Gamze Taşcıer - CHP Çalışma ve Sosyal Güvenlik Bakanlığından Sorumlu Genel Başkan Yardımcısı: İktidarın iş yaşamının düzenlenmesine dönük kanun ve uygulamalarda kimi değişimler yapmak istediği, muhtemeldir ki yerel seçim sonrasında hız kazanacak bir takım hazırlıklar içinde olduğunu gözlemliyoruz. 2024-2025 döneminde gerek İş Kanunu gerekse de Sosyal Güvenlik mevzuatında yapılacak değişikliklerle esnek ve güvencesiz çalışma biçimlerine ilişkin yasal düzenlemelerin yapılmasının planlandığı açıkça görülüyor.
DEM Parti Emek ve Ekoloji Komisyonu Sözcüsü Sevtap Akdağ: İş Kanunu’nda, işçilerin daha fazla çalışmasına ve dolayısıyla daha fazla sömürülmesine yönelik tüm maddelerinin yeniden alınmasını; güvencesiz, kayıtsız ve düşük ücretlerle çalışma koşullarına son verecek, iş güvenceli, esnek olmayan, tam istihdam esaslı bir çalışma rejimini savunuyor. Bunun mücadelesini yükseltiyoruz.

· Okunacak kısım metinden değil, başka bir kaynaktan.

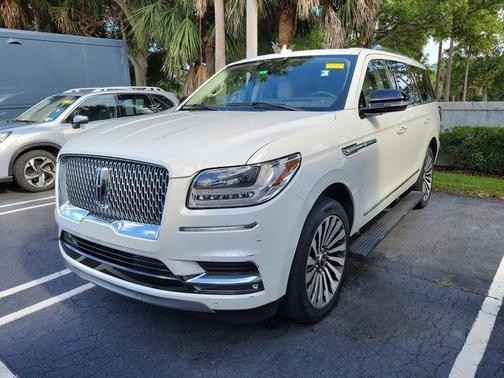 Pristine White 2021 Lincoln Navigator Reserve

Esnekleştirme ve güvencesizleştirmeyi yaygınlaştırma, sermayeye güvencesizliğin kanuni güvencesini verme, işçi ve emekçilerin çalışma ve sosyal güvenlik alanlarında daha çok kolunu kanadını kırma, daha yoğun daha esnek çalışma saatleri dayatması anlamına geleceği şimdiden belli olan bu düzenlemelere karşı bir yandan TBMM kürsüsünden etkili bir muhalefet ve kamuoyu bilgilendirmesini yapacağız. Emek örgütleri ve sendikalarla ortaklaşacağımız bir mücadele planı çerçevesinde il, ilçe, mahalle, işyeri bazında ortak emek mücadelesi zeminleri inşa etmeye hız vereceğiz.
Gökhan Durmuş TGS Başkanı: Hükümet cephesi bir süredir tek İş Kanunu olsun söylemini kullanıyor. Ancak bugüne kadar ciddi bir düzenleme hareketi içerisine girmemişlerdi. Son günlerde gene iş kolları birleşiyor haberleri ile gündem bu konuya çevrildi. Basın İş kanunu 1962 senesinde yasalaşmış ve hem gazetecilerin hem de halkın haber alma hakkının korunduğu bir düzenleme yapıldı. Ancak aradan geçen seneler içerisinde medyanın değişmesiyle birlikte kanunda oluşan eksiklikler, asıl ticari faaliyetleri medya işleri haricinde olan patronların sektörü ele geçirmesiyle birlikte kanunların değişmesi için yaptıkları baskılar sebebiyle bugün hem gazeteciyi hem de haberi korumaktan uzaklaştı. Basın İş Kanunu’nda da bir değişikliğe gereksinim olduğu kuşkusuz. Medyadaki değişim ve mahkeme kararları sebebiyle yamalı bohçaya dönmüş bir kanun söz konusu. Ancak bu gazetecilerin genel bir iş kanunun içerisine alınmasına ‘evet’ diyeceği anlamına gelmez. Basın iş kanunun ayrı olmasının sebebi gazetecilerin yaptığı işin niteliğinin farklı olmasından kaynaklanıyor. Gazetecilik kamunun çıkarını birinci öncelik haline getiren, halkın haber alma hakkını ilke yapan bir meslek. O yüzden genel bir kanunun içerisinde olması yeni yeni sorunları da beraberinde getirecek. Basın İş Kanunu’nun ayrı olması ve yeniden yazılması bir gereklilik. Ancak yeni kanunu siyasetçilerin değil basın meslek örgütlerinin hazırlaması gerekir. 63 yıl önce de bu kanunun basın meslek örgütleri ile birlikte hazırlamış ve gazeteciler bu kanunun çıkması için mücadeleler yürütmek zorunda kalmıştır.